Coast Guard considers Arctic amphibious vehicles as Far North gets busier

Top U.S. Coast Guard officials say the agency is well-prepared for Arctic missions, even as the agency shops for an amphibious Arctic craft that can handle treacherous sea ice and extreme cold off Alaska's northern coast.

Nationwide the agency operates scores of response boats that do everything from conduct rescues to fight fires to bust drug-runners to help defend America's coastline. But there's no fleet based in the U.S. Arctic, where an increasing number of ships ply the frigid seas off Alaska's shores in support of oil development, shipping and tourism.

As a result, the Coast Guard is looking for a versatile patrol vessel that fits into a C-130, a large cargo plane, and can be launched from shore to negotiate ice-choked seas, big waves and the Arctic coast's ever-shifting sands, the Coast Guard's research center announced this year.

The agency's search so far has yielded two bulky and strange-looking vehicles that the Coast Guard will review in live demonstrations this week in Barrow, the nation's northernmost community located along the Arctic Ocean. The peculiar craft are made by family-owned companies -- one from Alaska, the other from Canada.
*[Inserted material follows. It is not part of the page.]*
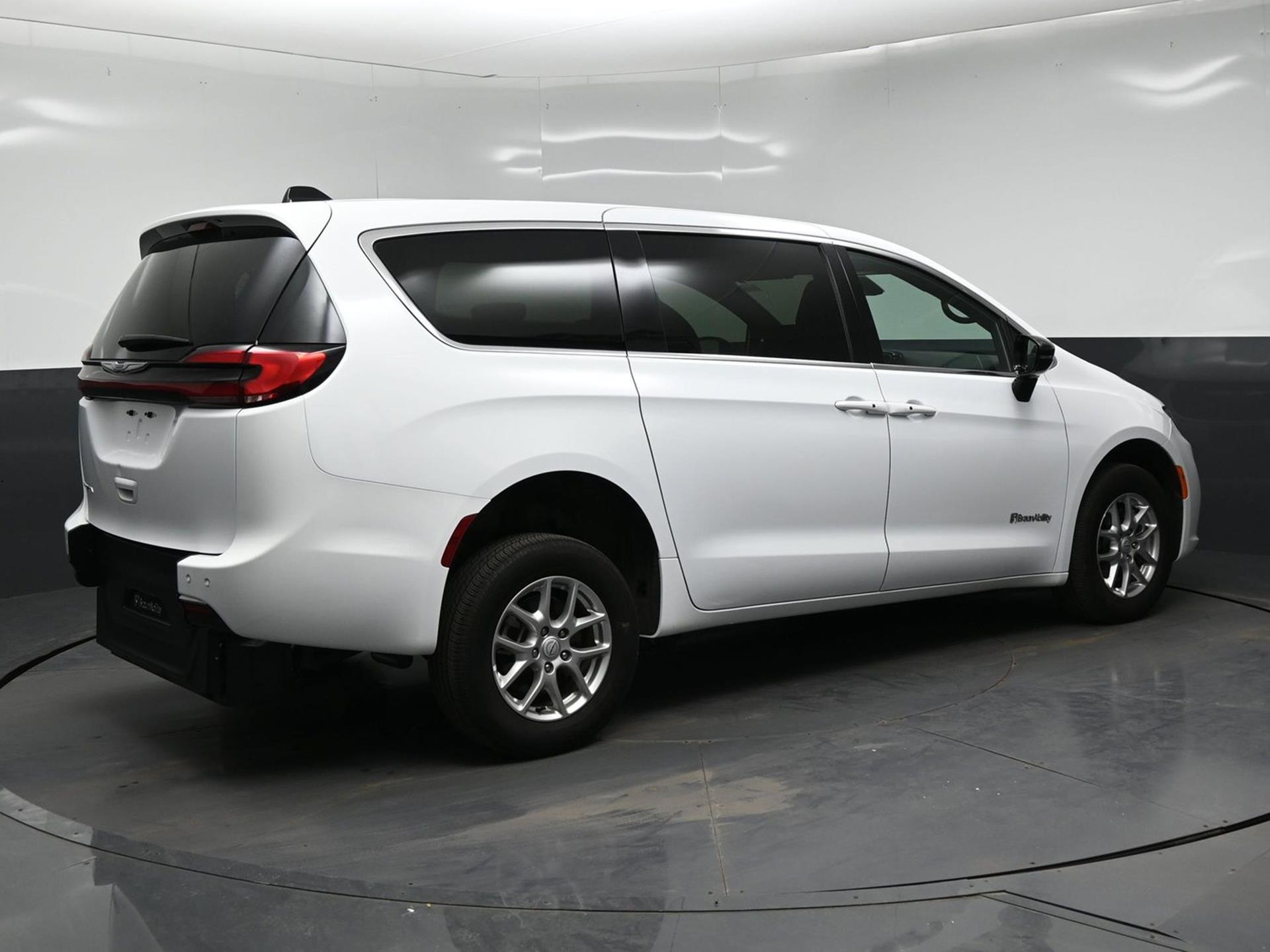 PRE OWNED 2025 Chrysler Pacifica Select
They generally look like a World War II-era tank crossbred with a barge or a tug. Versatile they are, their inventors claim. They perform like boats in open water. But beneath their hulls, tracks let them rumble over sea ice and snowy shores.

The so-called Alaska Amphib is based on the patented design of an 81-year-old tinkerer from Ketchikan. It evolved from a glorified swamp buggy he built decades ago for duck hunting on mudflats up a Southeast Alaska river.

The competition is the Arktos, which can already be found operating at North Slope oil fields, where companies such as BP have purchased six of the $3 million machines as emergency-evacuation crafts.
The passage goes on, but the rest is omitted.